I want to run. But I want to run to be a different kind of president. “Different” not in the traditional political puffery sense of that term. “Different,” quite literally. I want to run to build a mandate for the fundamental change that our democracy desperately needs. Once that is passed, I would resign, and the elected Vice President would become President.

This is the Presidency as referendum. Our constitution, unlike some states, doesn’t give us a referendum power directly. This hack adds one in. Almost never would it be necessary — in a well-functioning democracy. But when a democracy has lost the capacity to act as a democracy, a referendum president is a peaceful means to force a change that Congress is otherwise not going to make. When the system has become the problem, we need an intervention from the outside.

We are at one of those moments now. In no plausible sense do we have a representative democracy in America today. That fact shows itself in a thousand ways — from #BlackLivesMatter to billion dollar SuperPACs, and none more profound than the deep sense that most Americans have that their government is not theirs. “The system,” as Elizabeth Warren puts it, “is rigged.” And the fundamental challenge for our democracy today is to find a way to fix that rigged system.

The problems here are manifest. Would it be pedantic to point out that the United States was founded as a republic, not a democracy, and that the difference matters? Or to mention that the Constitution was written to limit government as well as democratic impulses? Or to bring up the small fact that direct democracy is a disaster?

(Incidentally, your writer understands that attacks on the initiative, referendum, and recall most often come from progressive quarters nowadays. It wasn’t always so.)

Lessig likes to cite polls suggesting “96 percent of Americans say it’s ‘important to reduce the influence of money in politics.’” More recently, he’s become fond of citing a MoveOn/YouGov poll that purports to show that 82 percent of Americans of all political stripes agree “the system is rigged.” Many conservatives and libertarians would agree with the latter proposition.

So what?
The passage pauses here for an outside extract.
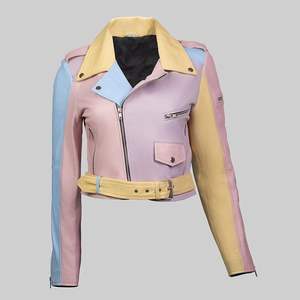 เสื้อแจ็คเก็ตหนังเทียมทรงครอปสีพาสเทลรุ้งสำหรับผู้หญิง ระบายอากาศได้ดี ปิดด้วยซิป ดีไซน์ทันสมัย เสื้อคลุมตัวสั้นสำหรับฤดูหนาว สวมใส่สบายๆ - Product Image 5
As always, the question must be: what’s the remedy?

Lessig’s answer is the Citizen Equality Act of 2017, which includes such novelties as “a meaningfully equal freedom to vote,” ranked-choice voting; and taxpayer-funded (or, to use his parlance, “citizen-funded”) elections.

Do read the proposal. All three ideas are worth deeper exploration—and sound refutation. In lieu, we have James Taranto at the Wall Street Journal, who made sport of Lessig’s quixotic campaign in Wednesday’s Best of the Web Today:

Lessig would ask Congress (1) to abolish freedom of speech in favor of “equality of speech,” whatever that means, (2) to prohibit state legislatures from engaging in “political gerrymandering,” and (3) who knows what else. It doesn’t seem to occur to him that (1) and (2) have glaring constitutional problems. Maybe he should consult with some law professors.
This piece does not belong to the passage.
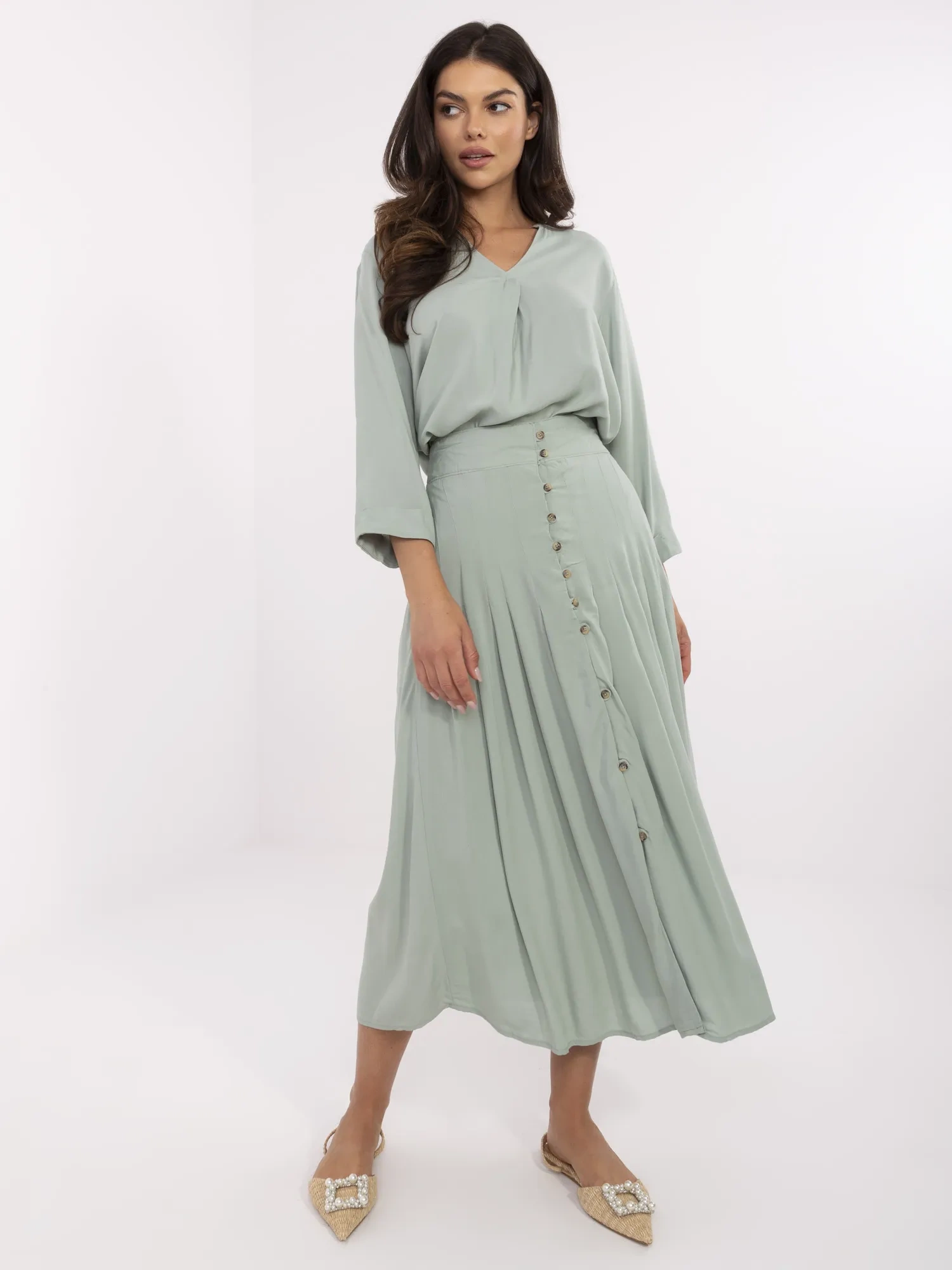 Sukně D73761M50187B Sublevel Barva: Zelená, Velikost: L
Oh wait, he is a law professor. At Harvard no less.

Lessig last month stepped down as chairman and of MayDay, the SuperPAC he founded to promote “reform” candidates in the 2014 congressional elections. The effort raised $10 million and had virtually no impact. Only one of the candidates MayDay supported won and that was Rep. Walter Jones, the Republican from North Carolina whose reelection was a mortal lock.
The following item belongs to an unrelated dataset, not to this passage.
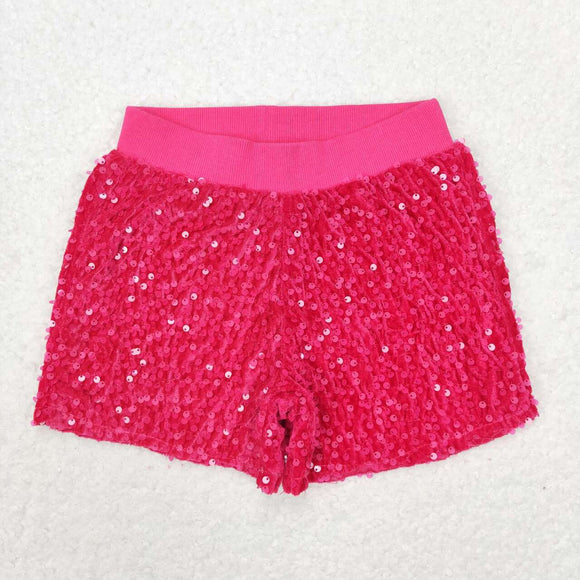 Sequins Hot Pink Girls Shorts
This cycle, he’s been urging the two leading Democratic candidates to go bigger on campaign finance reform. In July, Lessig wrote a memo to Sanders urging on the senator to take advantage of his growing popularity by making “citizen equality” the “first issue — the one change that makes all other changes believable.”

. . “…[A]fter the surge of support for you, the single strongest attack is going to be the ‘reality argument,’” Lessig wrote. “You’re talking about a string of reforms that simply cannot happen in the Washington of today. The ‘system is rigged.’ If that rigging is good for anything, it is good for blocking basically everything you’re talking about.”

Looks like Lessig didn’t get the response he was hoping for.

Now Lessig has launched a “kickstarter-like” campaign (Kickstarter itself doesn’t allow political fundraising) to raise $1 million for his new effort by Labor Day. If he makes it, Lessig vows to give “this run every ounce of my energy.” If he falls short, he’ll give the money back.

He’s raised about $166,000 so far, so who knows? Maybe he can waste another $10 million in service of an ignoble cause.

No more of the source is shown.